Safety Considerations
Please refer to the package insert for safety information.
Note: Key warnings, contraindications, and drug interaction data were not available in this Evidence Pack (designated as data gaps requiring TFDA package insert review and DrugBank query). As a thrombolytic agent, streptokinase carries well-known class risks including hemorrhage (including intracranial bleeding), allergic and anaphylactic reactions (due to bacterial origin), and reperfusion arrhythmias — these should be reviewed against the manufacturer’s current labelling before clinical use.
Conclusion and Next Steps
Decision: Proceed with Guardrails
Rationale: Streptokinase for myocardial infarction carries L1-level evidence — the strongest evidence tier in this framework — based on multiple completed Phase 3 and Phase 4 trials and a broad literature base spanning more than four decades. The TxGNN prediction score of 99.83% reflects what global clinical practice already confirms. The key barrier in the Philippines is not scientific: it is regulatory access, supply chain, and cold-chain logistics for a temperature-sensitive biologic.
To proceed, the following is needed:
- Initiate Philippines FDA registration or identify a compassionate use / unregistered drug access pathway
- Confirm cold-chain storage and logistics feasibility (streptokinase requires refrigeration at 2–8°C)

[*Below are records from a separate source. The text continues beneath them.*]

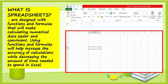What are Spreadsheets? They are designed with the functions and formulas that will make calculating numerical data easier and convenient. Using functions and formulas will help increase the accuracy of calculations while decreasing the amount of time needed to spend in Excel.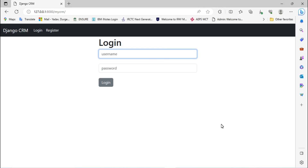In the last video we saw how to develop the Django CRM project — how to create the login page, logout page, registration page, how to add a customer, how to update the customer record, how to delete the customer record, and how to view the customer record.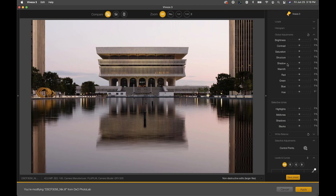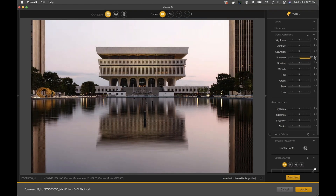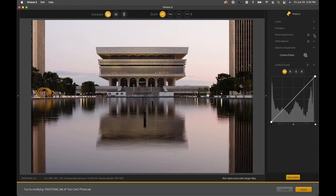I'll hide the loop and histogram and move into Global Adjustments. These are mostly straightforward and we'll talk about them as we jump into image processing. The same global adjustments from previous versions are here: brightness, contrast, saturation, structure, shadow adjustments, warmth, red, green, blue, and hue. For folks brand new to the Nick Collection, Structure is basically a texture adjustment - it's a great capability for increasing texture which directs the viewer's attention toward areas with increased structure, or pushes their attention away if you remove structure.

- Obtain the full manufacturer package insert to document contraindications, key warnings, and dosing protocols for the Philippines clinical context
- Develop a STEMI treatment protocol defining which patients should receive streptokinase vs. be transferred for primary PCI, based on time-to-balloon estimates at referring hospitals
- Establish a pharmacovigilance plan covering hemorrhagic complications and allergic reactions, with clear escalation pathways
- Assess cost-effectiveness relative to locally available alternatives (e.g., tenecteplase, urokinase) in the Philippines healthcare system
Disclaimer
This content is for research purposes only and does not constitute medical advice. Clinical validation is required before any clinical application.